We can define our objective, via the unnormalised posterior distribution. This maps samples \(w\) to a vector of unnormalised probabilites

[2]:
def unormalized_posterior(w):
    likelihood = norm.logpdf(y, w[0] + x * w[1]).sum()
    prior = norm.logpdf(w).sum()  # Standard normal prior
    return (likelihood + prior).sum()

We define and fit the flow. Note that we set invert=False, which loosely speaking specifies that we prioritise faster sample and sample_and_log_prob methods for the flow, instead of a fast log_prob method. The evidence lower bound (ELBO) approximation is computed using the sample_and_log_prob method.

[3]:
loss = ElboLoss(unormalized_posterior, num_samples=100)

key, flow_key, train_key = jr.split(key, 3)
flow = masked_autoregressive_flow(
    flow_key, base_dist=StandardNormal((2,)), transformer=Affine(), invert=False,
)

# Train the flow variationally
flow, losses = fit_to_variational_target(
    train_key, flow, loss, learning_rate=1e-3, steps=400,
)
100%|██████████| 400/400 [00:02<00:00, 155.93it/s, loss=29.5]

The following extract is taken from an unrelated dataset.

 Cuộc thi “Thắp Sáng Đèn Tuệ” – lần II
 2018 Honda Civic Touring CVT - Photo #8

We can now visualise the learned posterior, here using contour plots to show the approximate (blue) and true (red) posterior

[4]:
def plot_density(
    ax, density_fn, xmin=-5, xmax=5, ymin=-5, ymax=5, n=100, levels=None, cmap="Blues",
):
    xvalues = jnp.linspace(xmin, xmax, n)
    yvalues = jnp.linspace(ymin, ymax, n)
    x, y = jnp.meshgrid(xvalues, yvalues)

    points = jnp.hstack([x.reshape(-1, 1), y.reshape(-1, 1)])

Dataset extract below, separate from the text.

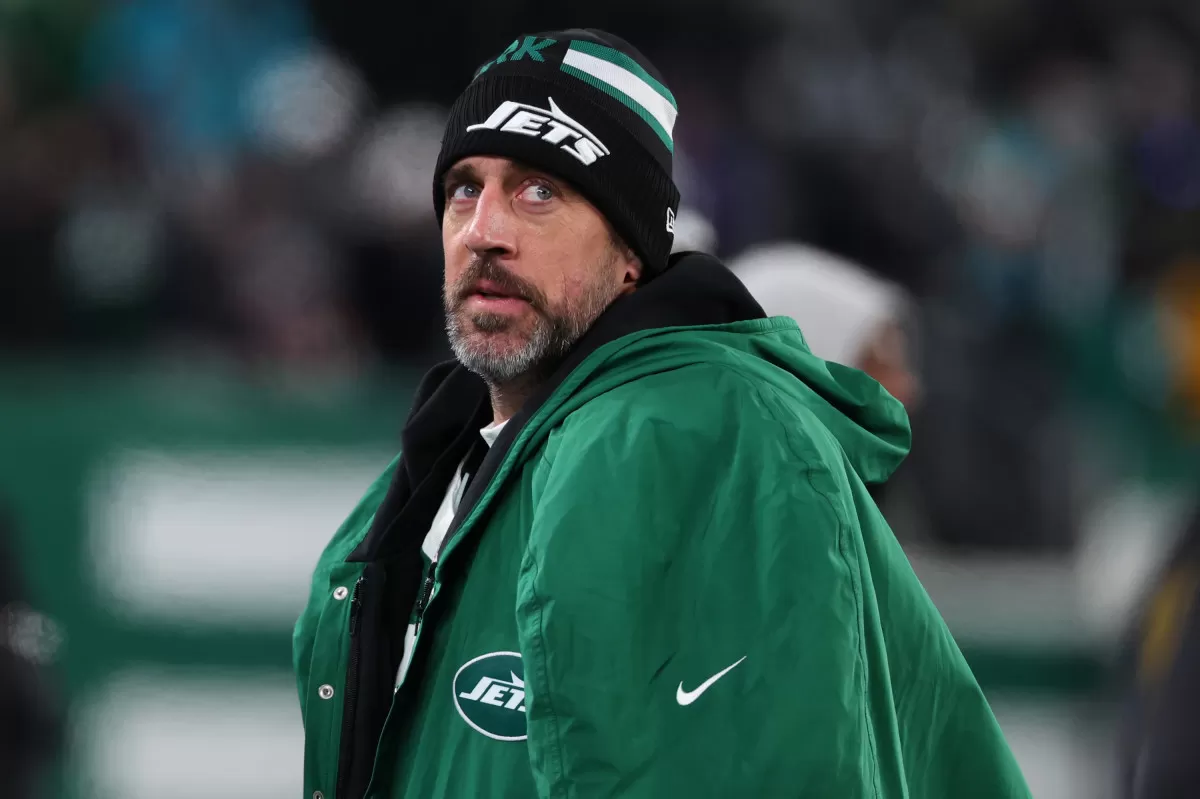 Aaron Rodgers Issued Warning Over New Jets Head Coach - Athlon Sports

    log_prob = density_fn(points).reshape(n, n)
    prob = jnp.exp(log_prob)

    ax.contour(
        prob, levels=levels, extent=[xmin, xmax, ymin, ymax], origin="lower", cmap=cmap,
    )

    ax.set_xlim(xmin, xmax)
    ax.set_ylim(ymin, ymax)


fig, axes = plt.subplots(ncols=2, figsize=(9, 3))
axes[0].set_title("Density plot")

kwargs = {"xmin": 0.25, "xmax": 1.25, "ymin": -1, "ymax": 0, "levels": 5}
plot_density(axes[0], flow.log_prob, cmap="Blues", **kwargs)

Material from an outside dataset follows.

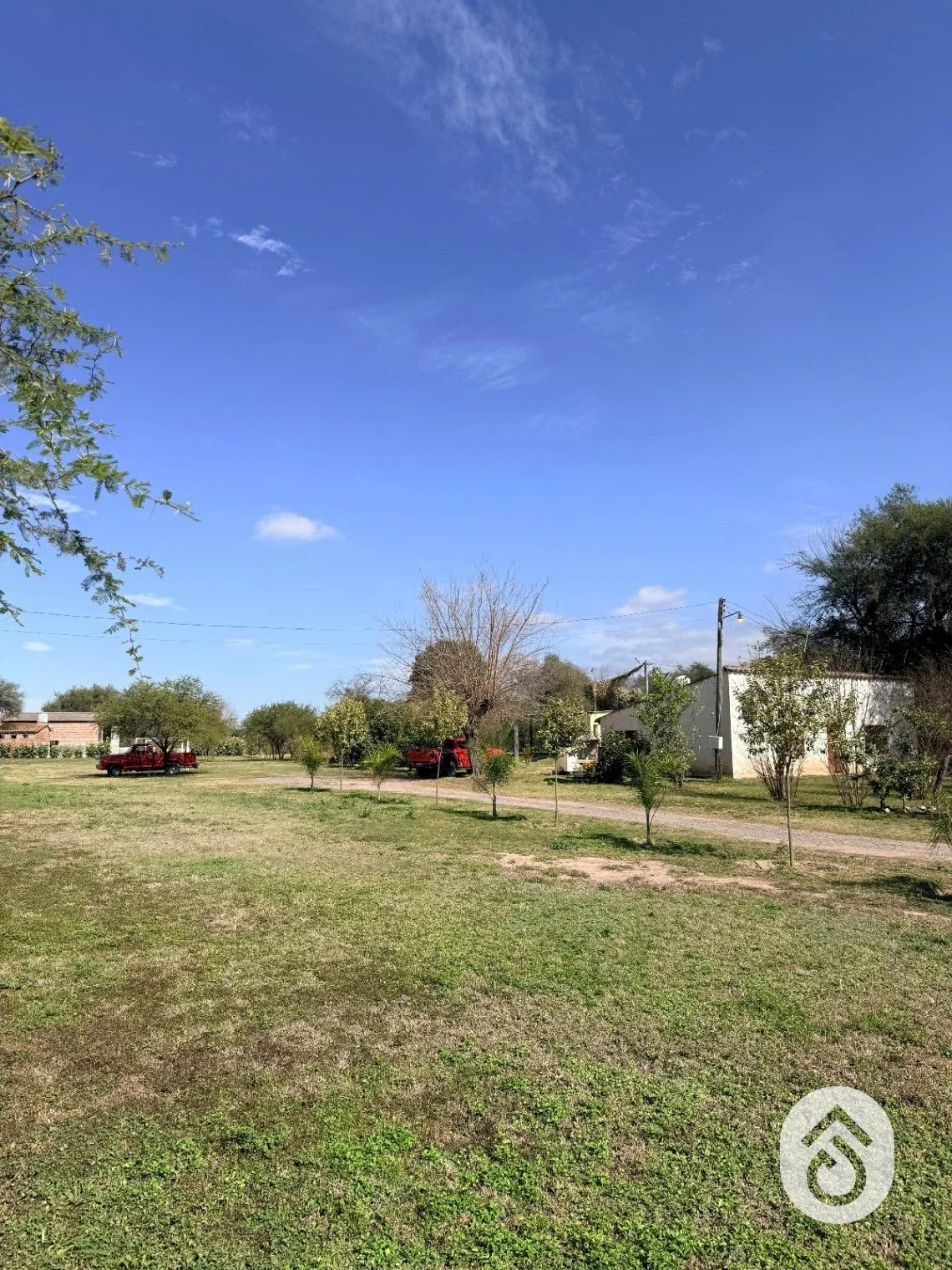 Casa y Galpón en VENTA en el Carril (Potencial comercial) - Imagen 5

# True posterior for comparison
_x = jnp.vstack([jnp.ones_like(x), x])  # full design matrix
cov = jnp.linalg.inv(_x.dot(_x.T) + jnp.eye(2))
mean = cov.dot(_x).dot(y)


def true_posterior_log_prob(theta):
    return multivariate_normal.logpdf(theta, mean, cov)


plot_density(axes[0], true_posterior_log_prob, cmap="Reds", **kwargs)
axes[1].set_title("losses")
axes[1].plot(losses)
[4]:
[<matplotlib.lines.Line2D at 0x7eff79b56cd0>]
../_images/examples_variational_inference_7_1.png

We can visualise the regression fits

[5]:
x_inspect = jnp.linspace(2, -2, n)
plots = [
    ("prior", StandardNormal((2,)), "tab:green"),
    ("trained", flow, "tab:orange"),
]
n_samples = 25

for label, flow, colour in plots:
    key, sample_key = jr.split(key)
    w = flow.sample(sample_key, (n_samples,))
    for ix, (w_0, w_1) in enumerate(w):
        y_inspect = w_0 + w_1 * x_inspect
        lab = label if ix == 0 else None
        plt.plot(x_inspect, y_inspect, alpha=0.3, c=colour, label=lab)

plt.scatter(x, y, label="samples")
plt.title("Sample Fits")
plt.legend()
plt.show()
../_images/examples_variational_inference_9_0.png
[ ]: